How to prove what an AI agent did

    There's a difference between knowing what your AI agent did and being able to prove it — to an auditor, a regulator, a customer, or a court — months later, when the system has changed. Proof has to stand on its own, without your help.

    Why logs fall short as proof

    A log is a claim made by the system that took the action. It can be edited, it can be incomplete, and it asks the reader to trust the party under review. That's fine for debugging. It's weak as evidence, precisely when evidence matters most.

    Durable proof of an AI action needs three properties:

    1. Tamper-evidence — any change to the record is detectable.
    2. A binding — the record ties what the agent did to what it was authorized to do.
    3. Independent verification — someone who doesn't trust you, and has no account with your vendor, can still confirm it.

    How Keel produces verifiable proof

    Keel records each AI action as a tamper-evident evidence record, bound to the permit that authorized it before execution. The record is externally anchored, so its integrity doesn't depend on Keel's own storage.

    To verify, a third party runs the open-source keel-verifier. It confirms — independently of Keel — that the recorded action matches what was authorized and that the record hasn't been altered. No Keel account. No trust in Keel required. The verifier runs even if Keel is gone.

    What you can prove

    • What the agent was authorized to do, before it ran.
    • What it actually did, bound to that authorization.
    • That the record is intact and hasn't been changed after the fact.
    • All of the above, without anyone having to trust Keel.

    Frequently asked questions

    How do you prove what an AI agent did?

    Record each action as a tamper-evident evidence record bound to the pre-execution permit that authorized it, anchored externally, and verifiable by a third party with an open-source verifier — so the proof doesn't depend on trusting the system that produced it.

    Why aren't logs enough to prove what an AI agent did?

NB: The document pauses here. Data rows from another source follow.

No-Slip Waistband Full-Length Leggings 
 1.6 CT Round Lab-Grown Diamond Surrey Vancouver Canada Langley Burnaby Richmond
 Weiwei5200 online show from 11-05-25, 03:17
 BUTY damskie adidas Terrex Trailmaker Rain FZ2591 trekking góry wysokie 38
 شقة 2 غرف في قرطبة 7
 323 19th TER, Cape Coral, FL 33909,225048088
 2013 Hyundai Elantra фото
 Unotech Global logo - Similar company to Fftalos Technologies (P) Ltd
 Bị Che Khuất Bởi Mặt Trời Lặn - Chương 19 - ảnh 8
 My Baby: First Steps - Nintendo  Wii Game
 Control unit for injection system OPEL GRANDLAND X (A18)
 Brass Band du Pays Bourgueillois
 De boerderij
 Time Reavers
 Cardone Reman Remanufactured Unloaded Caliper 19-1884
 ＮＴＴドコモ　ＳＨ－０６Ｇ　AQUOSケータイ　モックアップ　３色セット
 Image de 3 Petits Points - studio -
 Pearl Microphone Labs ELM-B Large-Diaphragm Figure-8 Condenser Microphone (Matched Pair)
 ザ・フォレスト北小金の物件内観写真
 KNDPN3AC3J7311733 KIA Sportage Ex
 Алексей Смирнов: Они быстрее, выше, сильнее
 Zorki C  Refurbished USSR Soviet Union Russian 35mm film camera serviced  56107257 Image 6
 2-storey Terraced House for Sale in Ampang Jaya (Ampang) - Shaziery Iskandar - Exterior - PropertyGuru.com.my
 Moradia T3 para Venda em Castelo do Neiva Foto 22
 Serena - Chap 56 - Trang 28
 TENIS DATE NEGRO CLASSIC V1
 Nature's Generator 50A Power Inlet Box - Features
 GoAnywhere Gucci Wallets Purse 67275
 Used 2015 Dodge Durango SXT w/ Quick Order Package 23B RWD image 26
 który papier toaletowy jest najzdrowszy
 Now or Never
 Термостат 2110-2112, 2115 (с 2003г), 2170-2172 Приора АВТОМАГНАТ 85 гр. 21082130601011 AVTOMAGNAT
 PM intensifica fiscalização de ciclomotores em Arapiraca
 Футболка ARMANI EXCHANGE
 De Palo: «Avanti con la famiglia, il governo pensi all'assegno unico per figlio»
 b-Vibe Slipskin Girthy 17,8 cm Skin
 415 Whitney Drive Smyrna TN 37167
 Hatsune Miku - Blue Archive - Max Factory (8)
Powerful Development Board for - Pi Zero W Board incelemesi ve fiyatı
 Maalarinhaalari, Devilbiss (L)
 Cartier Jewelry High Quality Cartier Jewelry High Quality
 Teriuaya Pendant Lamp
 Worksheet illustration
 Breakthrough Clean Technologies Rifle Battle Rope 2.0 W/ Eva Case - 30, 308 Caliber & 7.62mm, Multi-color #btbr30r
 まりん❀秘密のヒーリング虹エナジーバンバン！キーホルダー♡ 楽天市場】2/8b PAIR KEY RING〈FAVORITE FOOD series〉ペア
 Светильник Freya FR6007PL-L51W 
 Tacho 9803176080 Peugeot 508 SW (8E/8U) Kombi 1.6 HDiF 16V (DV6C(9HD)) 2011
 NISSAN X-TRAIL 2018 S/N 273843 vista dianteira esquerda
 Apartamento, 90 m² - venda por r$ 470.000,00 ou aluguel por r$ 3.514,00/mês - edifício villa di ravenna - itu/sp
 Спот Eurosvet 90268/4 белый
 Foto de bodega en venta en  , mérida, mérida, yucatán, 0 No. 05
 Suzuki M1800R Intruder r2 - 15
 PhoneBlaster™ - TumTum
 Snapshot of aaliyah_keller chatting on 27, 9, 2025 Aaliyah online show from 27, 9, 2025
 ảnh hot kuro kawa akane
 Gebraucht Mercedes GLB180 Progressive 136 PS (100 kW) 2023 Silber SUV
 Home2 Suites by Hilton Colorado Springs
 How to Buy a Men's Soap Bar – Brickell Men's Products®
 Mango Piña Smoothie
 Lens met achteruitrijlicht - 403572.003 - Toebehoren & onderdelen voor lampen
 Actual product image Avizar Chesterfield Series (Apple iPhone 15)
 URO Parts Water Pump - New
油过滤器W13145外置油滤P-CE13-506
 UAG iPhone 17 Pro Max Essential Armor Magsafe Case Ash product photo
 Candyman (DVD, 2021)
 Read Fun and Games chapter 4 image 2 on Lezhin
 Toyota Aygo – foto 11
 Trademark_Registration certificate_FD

    Logs are produced by the system under review and can be altered or incomplete. They show an action occurred but don't bind it to an authorization or let an outside party verify integrity. Keel's records are tamper-evident, bound to the permit, and independently verifiable.

    Can I prove what my AI agent did six months later?

    Yes. Keel's evidence records are durable, tamper-evident, and externally anchored, and remain independently verifiable with the keel-verifier well after the action — even if your stack has changed.